Granted, this is not a completely new trend. As neighbors, these two countries have long had strong economic ties. A few events have vaulted this relationship to new heights. There is, of course, the financial crisis. While Greece used to be Bulgaria’s rich cousin, Bulgaria is now the one offering a helping hand. The growing political and economic instability of Greece’s other possible regional partner, Turkey, has played a part, too — the Turkish economy has gone from flying to flagging in the last couple of years.

And it’s not only Greek companies benefiting from the move. The Bulgarian economy has been stagnant for decades — growing at about 1 percent, with a 12 percent unemployment rate. The mass migration of young, qualified Bulgarians seeking jobs abroad has left the country with a significant brain drain, one that the Greeks are more than able (and happy) to fill. So, while overqualified Bulgarians leave to work in construction or service industries in Spain, Greeks are taking over vacant managerial positions in sectors from fast food to cement.

There are downsides to the trend as well. Economic migration risks leaving Greece with a shortage of high-skilled workers if and when its economy recovers. All the capital that has been moved to Bulgaria isn’t likely to return anytime soon. And neither are the Dimitris and Vasilis who have found a new home for their families on the other side of the border. And if that happens, Bulgarians working abroad may have a harder time coming back, says Krassen Stanchev, an associate professor at Sofia University and chairman of the board of the Institute for Market Economics.
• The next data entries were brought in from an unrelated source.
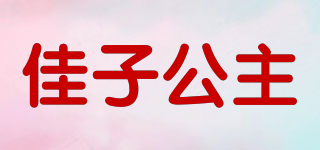 佳子公主品牌logo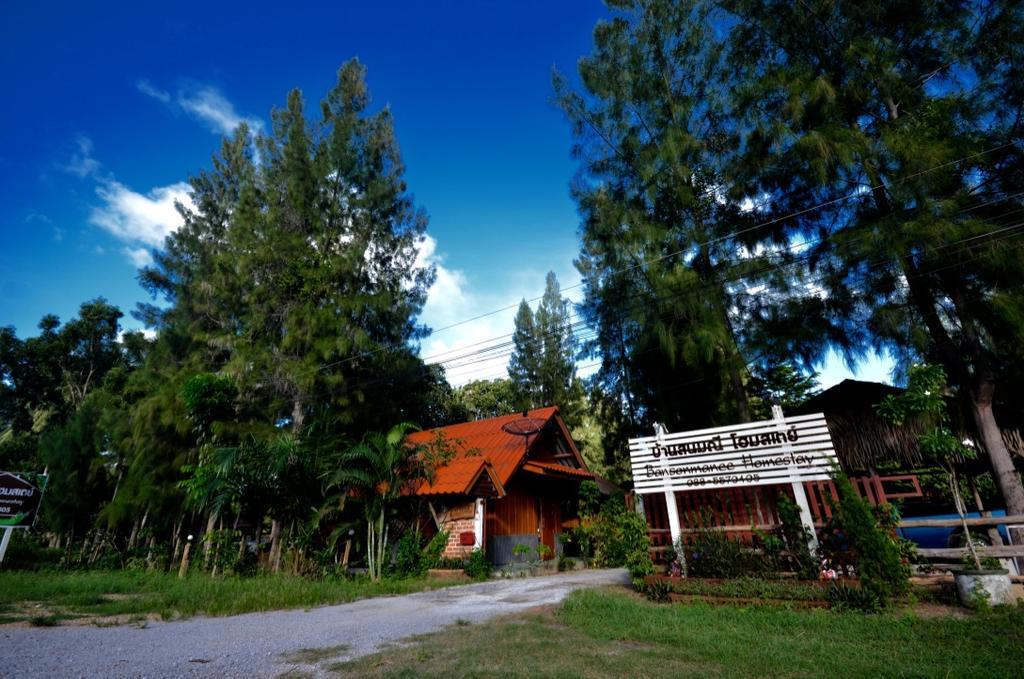 Ferienpark บ้านสนมณีโฮมสเตย์ Bansonmanee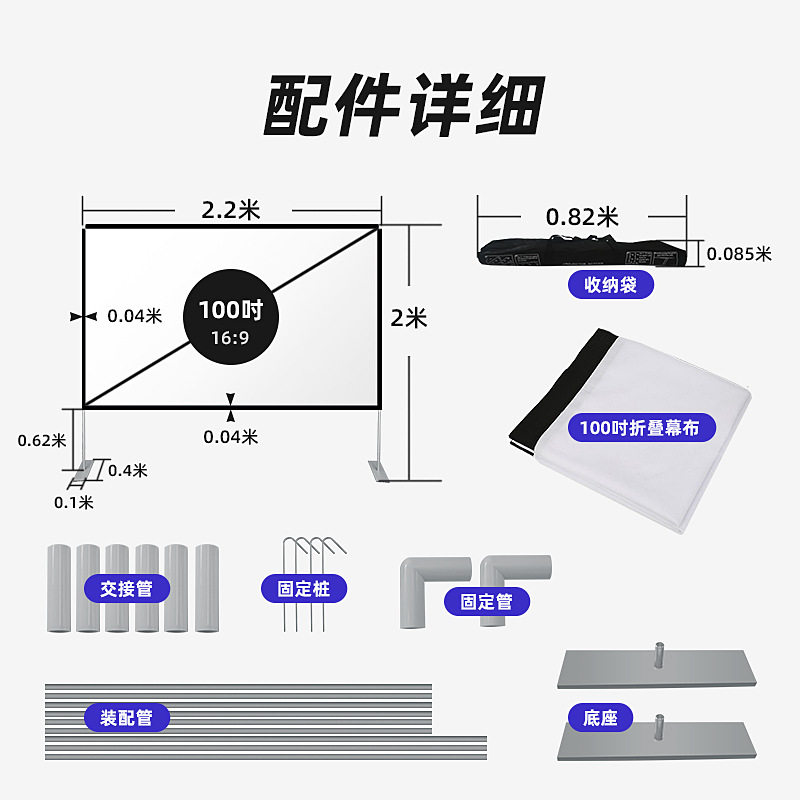 宏影便携幕手动支架落地100寸投影仪幕布支架杆简易方便组装户外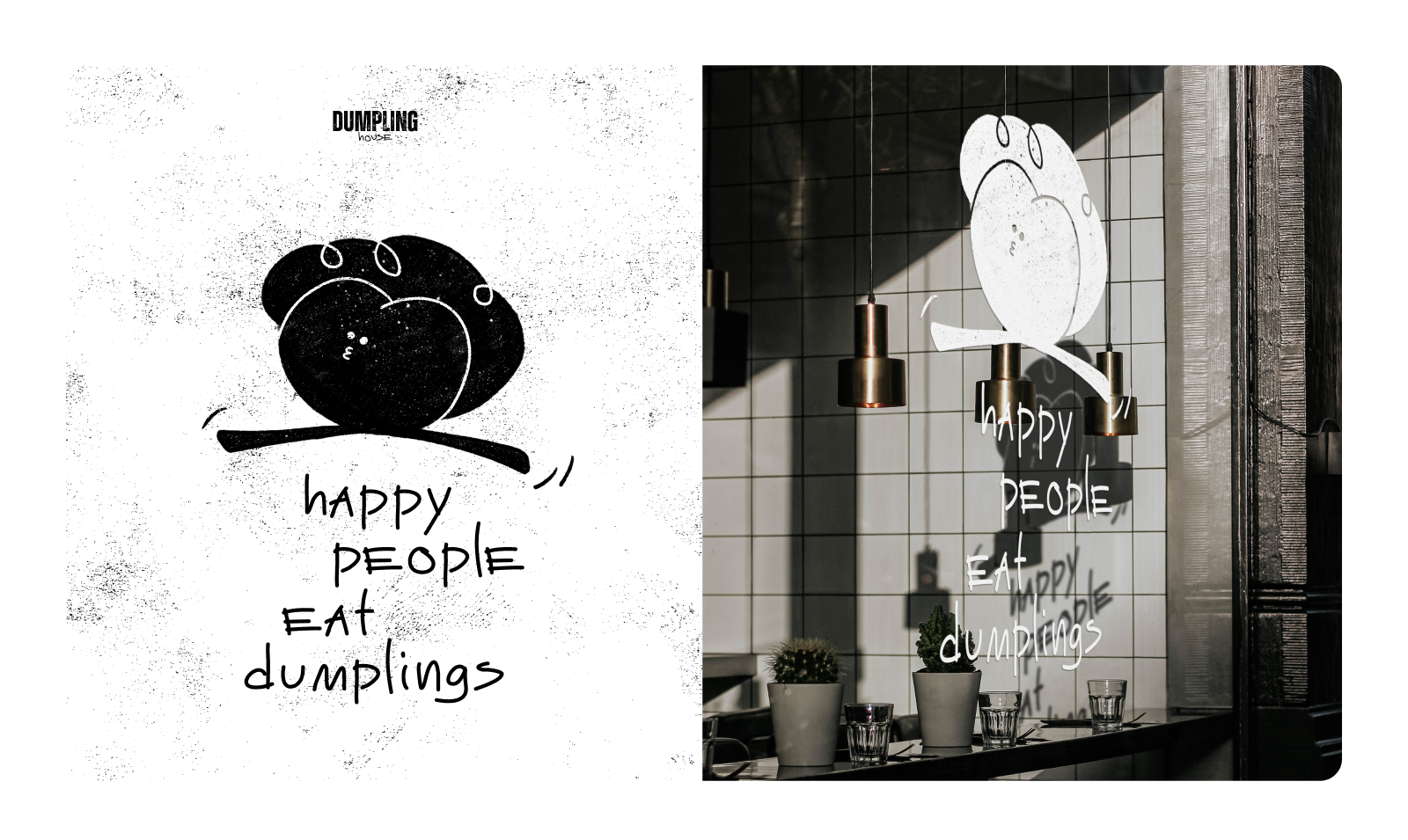 айдентика пельменной «DUMPLING HOUSE» — Изображение №5 — Брендинг, Иллюстрация на Dprofile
This could be a problem since return migration is increasing: According to the national census, 73 percent of all Bulgarians who emigrated in the period 2001 to 2011 and resided abroad returned home in less than five years.

Still, these consequences are likely a long way away, says Nicholas Economides, professor of economics at NYU and UC Berkeley. He believes Greece still has five to 10 years before it can “convince the world that it is at a stage of recovery.” Meanwhile, having a market for their products is helping them cushion the blow dealt by the economic crisis while fueling Bulgaria’s sputtering economic growth.

Maybe there is a happy ending to this Greek tragedy after all.